To be more precise, the effective corporate income tax rate applicable to profit distribution can vary from 14% - 20% depending on the company’s dividend policy.
The lower end of the CIT rate can become available for your company if it pays dividends on an annual basis. There is a special rule which says that regular profit distributions which are less than or equal to the average dividend payment that the company has made in the three preceding years are subject to CIT at a lower rate of 14/86 – note that special rules apply for making use of this, as described below.
The formal procedure for effecting a dividend distribution is regulated by the Commercial Code, more specifically by Chapter 19. But even if you fail to follow certain legal formalities, the tax treatment does not change and distribution of profits is still taxed as dividends – we call this the “substance over form” principle in tax law, and it is useful to keep this in mind at all times.
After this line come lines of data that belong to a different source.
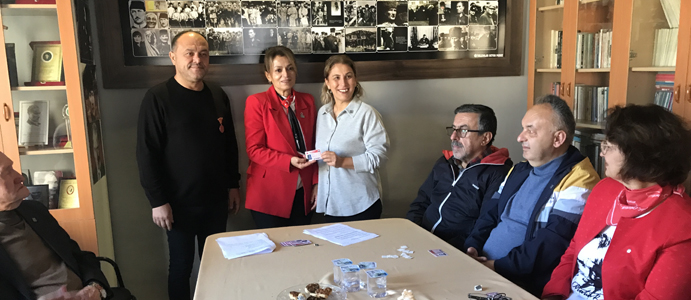 DEVREK ADD ETKİNLİK DÜZENLEDİ,  YENİ ÜYELERE ROZET TAKTI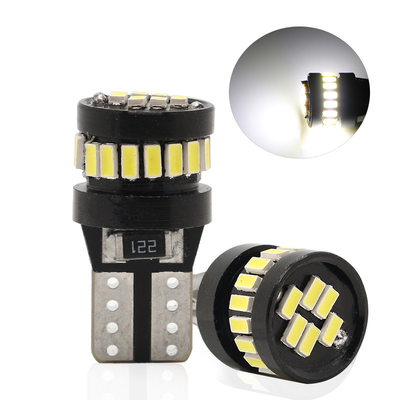 3014 الشريحة LED مصابيح السيارات الضوء الأبيض 360 درجة زاوية شعاع T10 3014 24smd تيار ثابت مصابيح LED مشرقة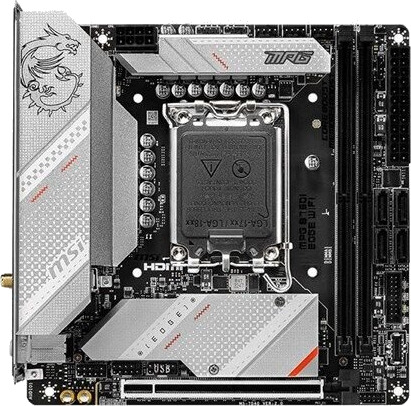 MSI MPG B760I Edge WiFi Mini-ITX Hovedkort med DDR5 og LGA1700 MSI MPG B760I Edge WiFi Mini-ITX Hovedkort med DDR5 og LGA1700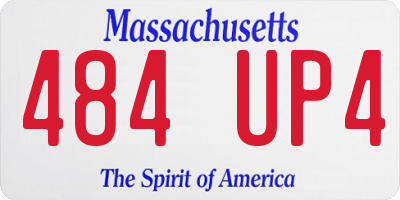 MA license plate 484UP4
Substance over form principle
The legal form of an arrangement or transaction is ignored and the actual economic substance is looked at for tax purposes. This helps prevent artificial structures from being used to avoid tax.
Dividends are paid from the net profit or retained profit of a company in accordance with the decision of the shareholders or other competent body.
Dividends are normally considered passive income for the recipient, as opposed to employment income.